During the lunch, I met very interesting people e.g. a guy from the Japan CERT (sorry, don’t remind his name) and a US lawyer, David Snead. David is specialized on the ISP business and presented the first talk of the afternoon with Nadeem Bukhari about legal & technical strategies addressing data in the cloud. One of the key question for regulations: When is there a breach? How to define a breach? They don’t have a unique definition! In the US, breach notification is legal! Second step: who will pay? After the theory, Nadeem explained why things go wrong. Big names were used: TJX, Amazon, Google, RSA, NASA, ESA. Regarding patching: virtual systems are 60% less secure than their physical counterparts (source: Gartner) and Deloitte said “Audit trails/logging issues” is in top-5 of internal/external audit findings. Nadeem insisted on the digital evidence of audit trails. Interesting talk…

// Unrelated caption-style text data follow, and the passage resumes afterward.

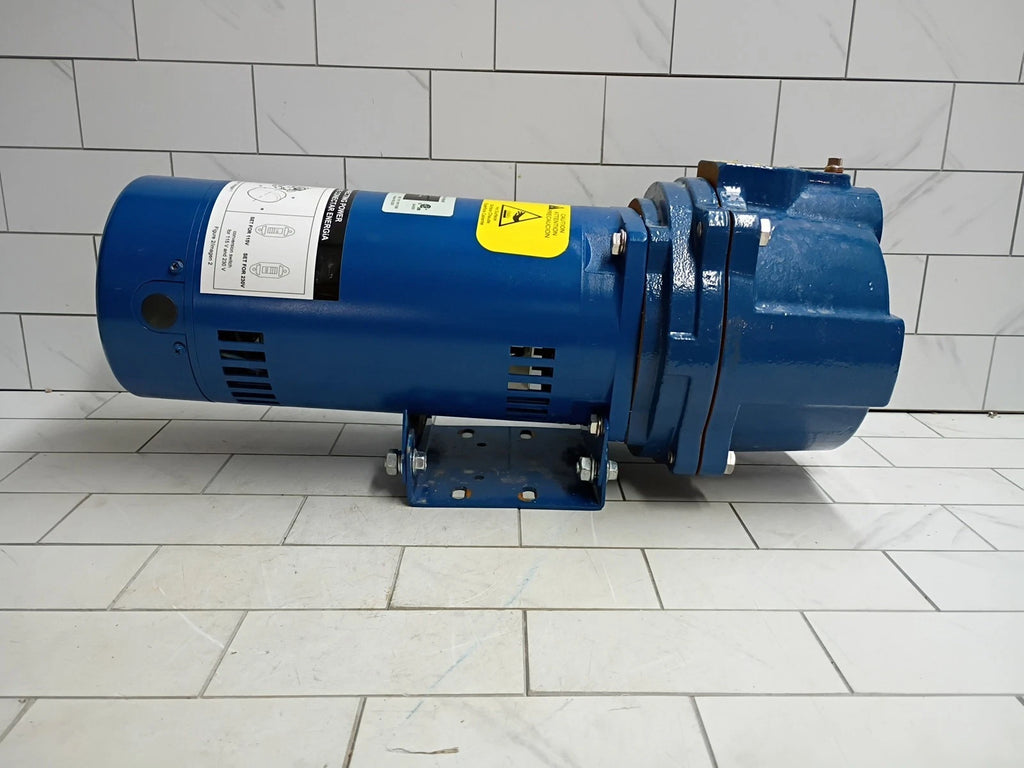 Everbilt Professional Irrigation Pump Cast Iron 2 HP Dual Voltage, HDLS20 PARTS
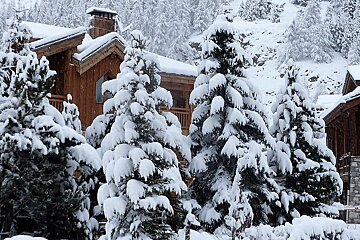 snowy trees in val disere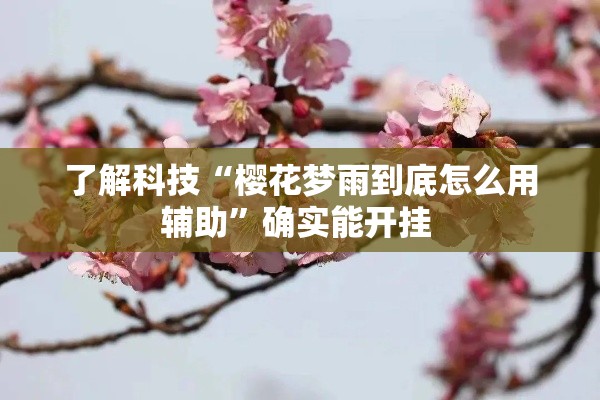 了解科技“樱花梦雨到底怎么用辅助”确实能开挂 
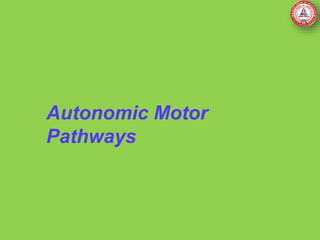 Autonomic Motor
Pathways
 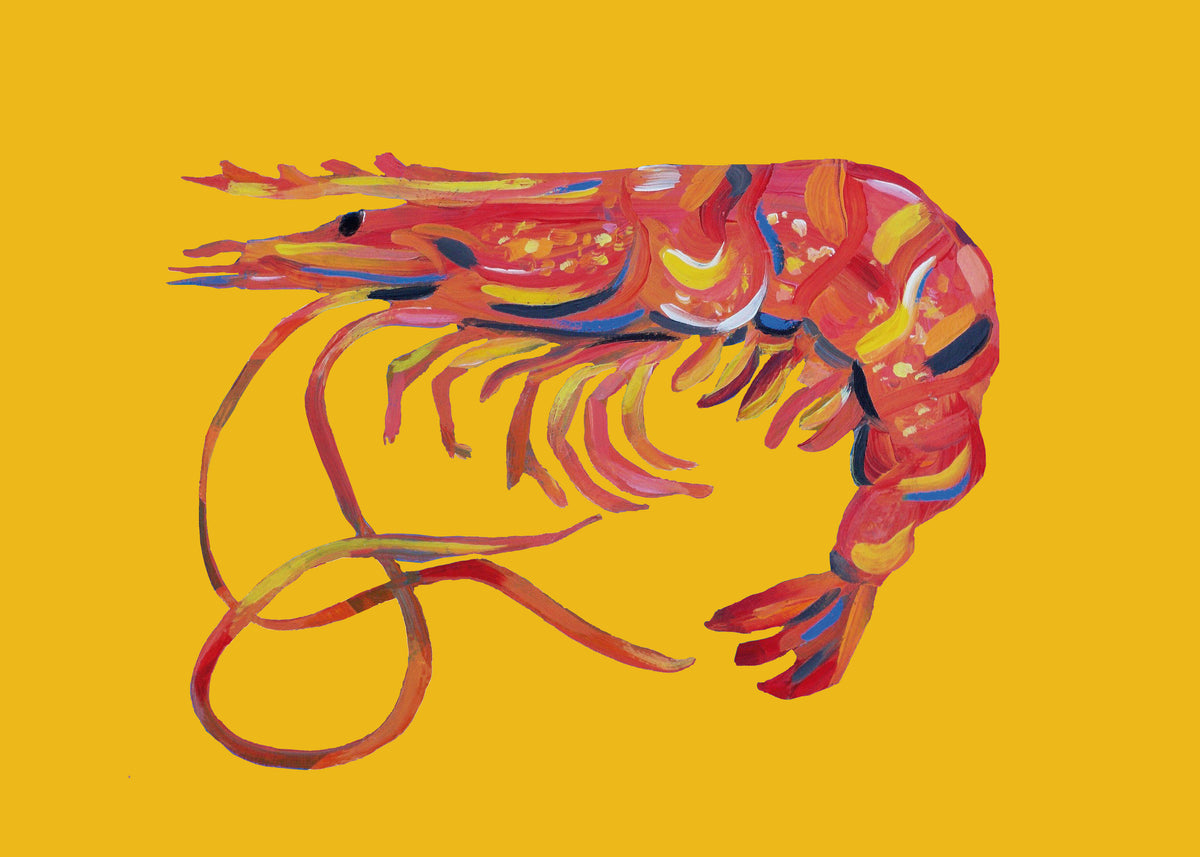 Prawn On Yellow - Unframed art print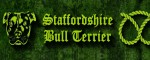 Halsband Staffordshire Bull Terrier Green - Musteransicht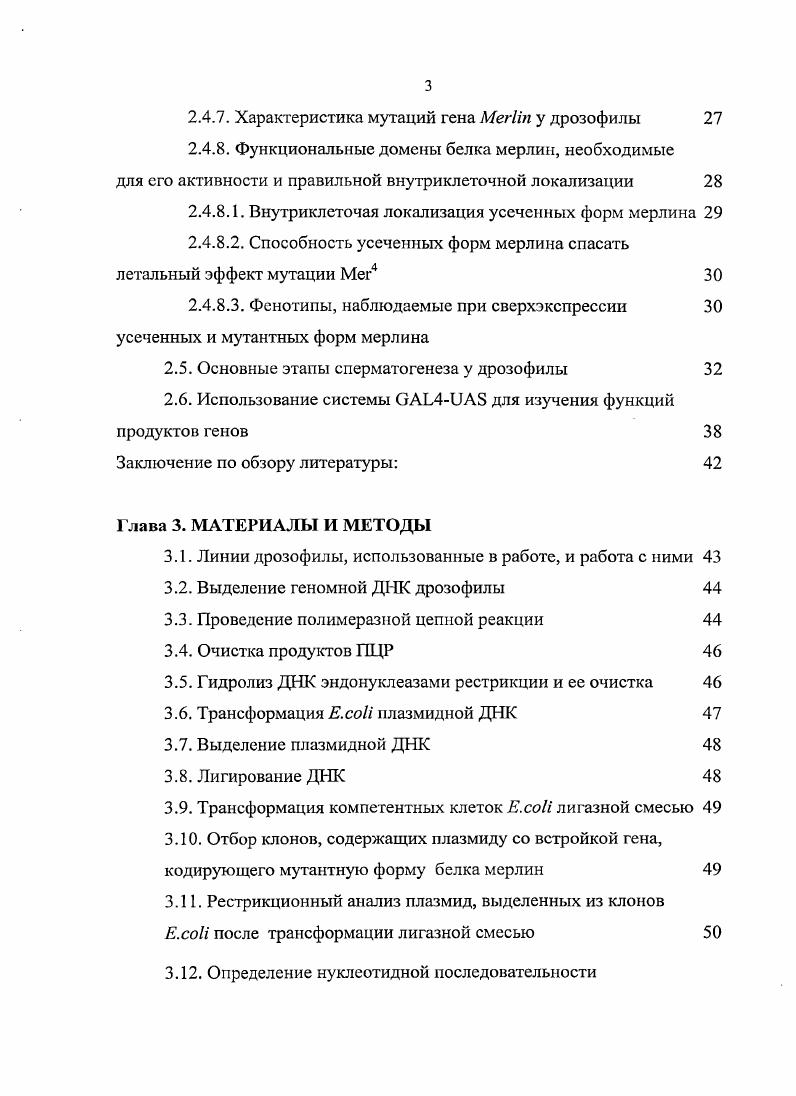 Таким образом, он является удобной экспериментальной моделью для изучения функций белков на клеточном и молекулярном уровнях. Нами было обнаружено, что мутация Мег3 влияет на процессы компактизации ядер и поляризации цисты, что приводит к серьезным нарушениям сперматогенеза на стадии индивидуализации спермиев, что и вызывает стерильность самцов. Ранее было показано, что мутация Мег затрагивает особый участок белка x , который идентичен у человеческого и дрозофилиного гомологов белка. Он имеет важное значение для правильного функционирования белка . Спецификой нашей работы является использование модифицированного вектора , который позволяет достичь высокого уровня экспрессии белков в генеративных тканях дрозофилы , . Чтобы определить функционально значимые районы белка, необходимые для правильного протекания сперматогенеза дрозофилы, мы создали конструкции на основе вектора , кодирующие различные мутантные формы мерлина. Нами было показано, что белок мерлин, который является туморсупрессором в соматических тканях дрозофилы, играет существенную роль в процессах сперматогенеза. В частности, открытая форма белка участвует в агломерации митохондрий на стадии луковицы, а закрытая влияет на цитокинез в мейозе. Таким образом, в соматической и генеративной тканях мерлин функционирует поразному. Целыо данной работы было изучение клеточных функций гена i на модели сперматогенеза i . Показать роль белка мерлин в сперматогенезе . Изучить локализацию белка мерлин в клетках зародышевого пути самцов . Получить линии дрозофилы, содержащие встройки последовательностей, кодирующих различные усеченные формы белка мерлин, в векторе , который позволяет экспрессировать целевой трансген в клетках зародышевой линии самцов . Проанализировать эктопическую экспрессию конструкций в составе вектора , содержащем последовательности, кодирующие различные усеченные формы белка мерлин, в клетках зародышевого пути и в соматической ткани самцов . Проанализировать особенности и возможные аномалии сперматогенеза, вызванные эктопической экспрессией трансгенных конструкций в клетках зародышевой линии дрозофилы. Основываясь на результатах анализа сперматогенеза дрозофилы при эктопической экспрессии полноразмерной и усеченных копий белка мерлин, определить роль различных доменов белка в выполнении его функций. Впервые, на модели сперматогенеза i были изучены клеточные функции белка мерлин, оказывающие влияние на сперматогенез i влияние на цитокинез, на поляризацию цист и морфогенез митохондрий, и изучено взаимодействие белка мерлин и колокализация с клеточными структурами. Получены линии мух, несущие последовательности, кодирующие различные аллели гена i в векторе , позволяющем получить эктопическую экспрессию трансгенных конструкций в клетках зародышего пути. Основные результаты исследований были представлены в стендовых докладах на Международной конференции по исследованию дрозофилы 8 июль г. Япония, Кобе и на X Международной молодежной Школеконференции сентябрь г. I Международной конференции Дрозофила в экспериментальной генетике и биологии сентябрь г. Украина, Харьков. Диссертация содержит следующие разделы введение, обзор литературы, материалы и методы, результаты, обсуждение, заключение, выводы, список литературы. Работа изложена на 3 страницах, включает рисунка, 3 таблицы, список цитируемой литературы включает 5 ссылок. По теме диссертации опубликовано 7 работ. V., v Е. М., , v . V. i i i i i. Юдина , Гусачснко , Лхмаметьева , Омельянчук Л. В. Нерасхожденис хромосом в линиях дрозофилы, мутантных по опухолевому супрессору i II Генетика. Т. . С. . Юдина О. С., Галимова Ю. А. Структурный анализ супрессора опухолей i с помощью трансгенных конструкций в сперматогенезе i. Н Информационный Вестник ВОГиС. Том . С. . Юдина О. С., Дорогова Н. В., Галимова Ю. А., Омельянчук Л. В. Различие функций супрессора опухолей i в соматической и генеративной тканях самцов дрозофилы Сборник научных статей I Международной конференции Дрозофила в экспериментальной генетике и биологии Харьков. С. . Болоболова Е. У., Дорогова Н. В., Юдина О. С., Омельянчук Л. В., Чанг Л. 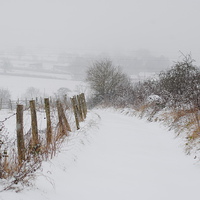 Buy canvas prints of Snowy Path by Lynette Holmes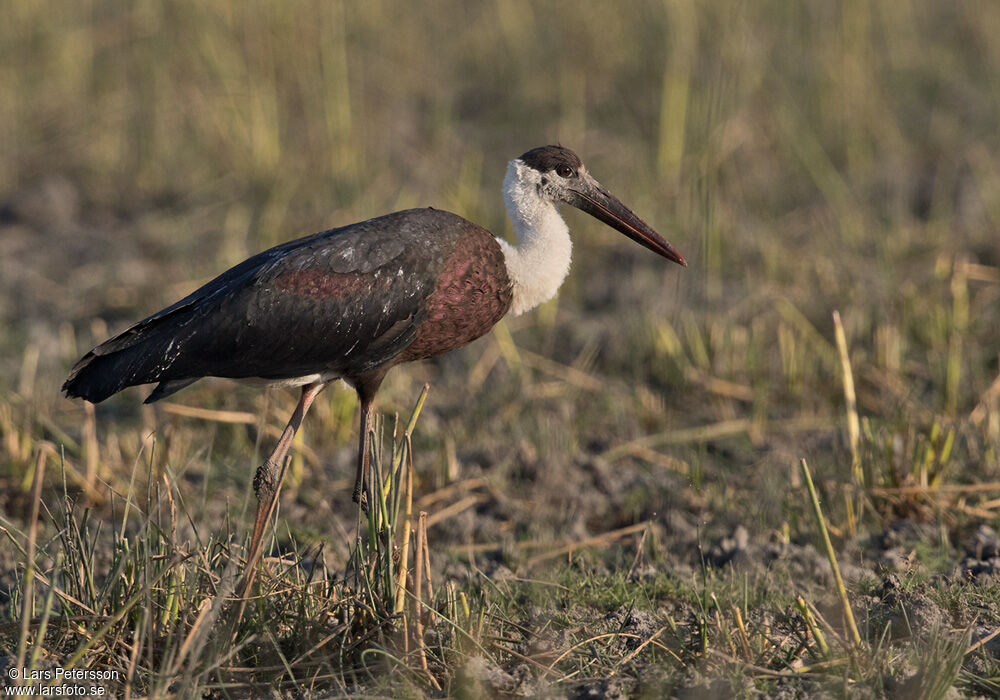 Asian Woolly-necked Stork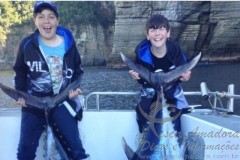 Dois irmaos fisgam atuns na Tasmania e podem bater o recorde Jr 3
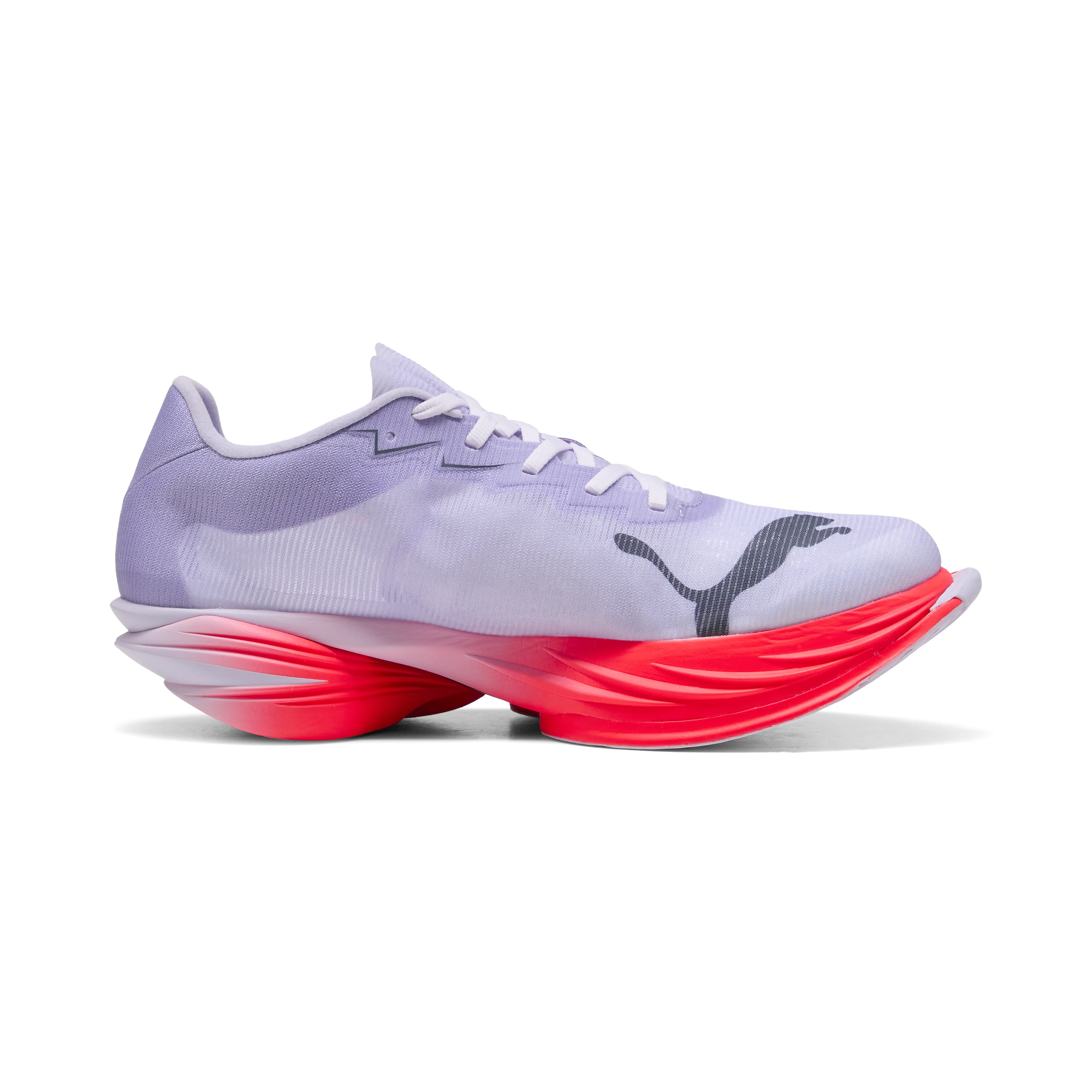 Fast-R Nitro Elite 3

Last minute planning change. Josh Kebbel was not available. Chris Nickerson replaced him with an awesome presentation. Fully based on funny pictures, Chris compared the attack techniques of several civilizations and countries. He said “The only patch for human stupidity is experience“. When you are attacked, you have always an advantage: you know your environment. Chris has always plenty of real-life examples like the one with is fixed roof but window left open. This is the same in information security (your users will be stupid things). Keep in mind:
- Try doing thing!
- There is no such things like set and forget
- There is no magic bullet
- Complexity reduces security
- Figures out what matters most and protect it first (priorities)
What to attack?
- The product line
- The brand (so easy!)
- The employees
- The bottom line
The last speaker was Josh Kebbel who spoke about a new approach to software development at Adobe. To fight against the growing number of exploits targeting the Adobe products, they decided to set up a group called “ASSET” (“Adobe Secure Software Engineering Team“). Interesting, people participating to the program have a level identified by a “karate” belt (white, green, brown, black). Base on a “Security Certification Program“, they increase security awareness across the people. It looks like a good internal initiative to increase the security of their products.